I am an introvert. I am also an extrovert.
It all really depends on who I'm with and what kind of setting I'm in. For example, whenever I'm with friends, my quirky personality really shines, and I can easily be myself. On the other hand, whenever I'm with strangers of any age and especially in a professional setting with professionals in all kinds of fields, you may never hear a word from me.
This is because I've always had a fear of not being able to say the right things to people or have the right answers. As a business student who is just starting to enter the professional world, networking is key to get yourself known within the business community, regardless if your're looking for a job or not.
SEE ALSO: Networking Tips To Find Your Dream Job After College
If I'm at a networking event and want to talk to someone regarding career advice, I never know exactly what to say to the person. People have told me to find a common interest. but my thing is that I don't exactly know how to get to that point. I can't just go up to someone and say, "Hi I love rock music and dogs, can I get some life advice?"
The same goes when I'm presenting a project to my class. When I'm nervous I tend to talk fast just to get things over with, as well as occasionally panic beforehand because I'm terrified of messing up my words or losing my train of thought during my presentation.
Over time, I have learned that this happens to the best of people and more people than we realize are ambiverts in similar settings. When it comes to networking events, I realized that part of the issue isn't even my fault. Some people aren't a big fan or the best at small talk and like to get straight to the point, which detracts from my plan of trying to find a common interest. Other people love small talk before getting to the point of the conversation.
For me, it's easier to talk to someone who has a similar personality as me, in which I feel free to be a bit more like myself, and in the end, I have made a good impression on that person that they'll be most likely to give me more in-depth advice and even remember me at another event. Another example would be whenever I'm with other people my age, and I tend to be really shy until I become comfortable around them, and then I can be myself around them.
For my public speaking, people always ask me how can I be afraid of public speaking when I've performed in plays and musicals in front of hundreds of people at a time?

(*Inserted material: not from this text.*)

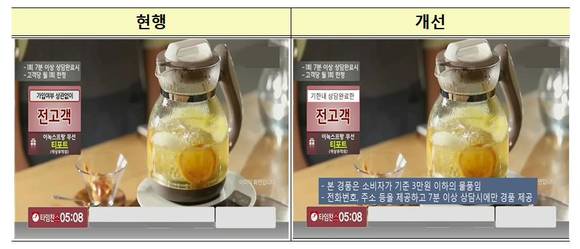 화면에 경품이 나오는 동안 예외 없이 아래 문구가 경품하단에 함께 나타나도록 고정한다. ⓒ 금융위원회·금융감독원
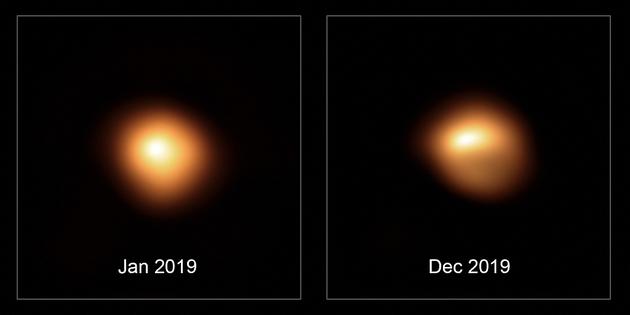 红超巨星参宿四的“大变暗事件”是由其南半球形成的尘埃团和冷斑导致的。这一观测结果或有助于阐释大质量恒星演化末期最常见的重大质量损失事件的发生机制。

With theatre, you are given set lines that you memorize over and over again until you have them down to a science, therefore you know exactly what to say on stage. It also helps that all of the lights are shining right at you, blinding you from the audience in a dark auditorium, so you tend to forget that the audience is even there.

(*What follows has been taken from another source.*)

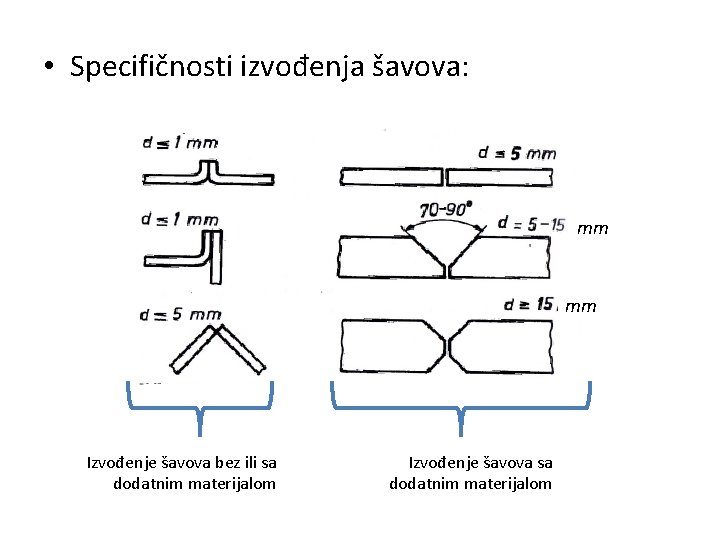  • Specifičnosti izvođenja šavova: mm mm Izvođenje šavova bez ili sa dodatnim materijalom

Public speaking on the other hand, is a mix of set lines, improvisation and art. Practice is key to making sure your presentation comes out great but sometimes you just have to make up lines on the spot based on your knowledge of the subject, such as when the audience ask questions at the end of the presentation. There's also this particular, eloquent way of sharing your words that I'm still getting the hang of, which to me sounds like an art when hearing from a master public speaker.
But as they say, practice makes perfect.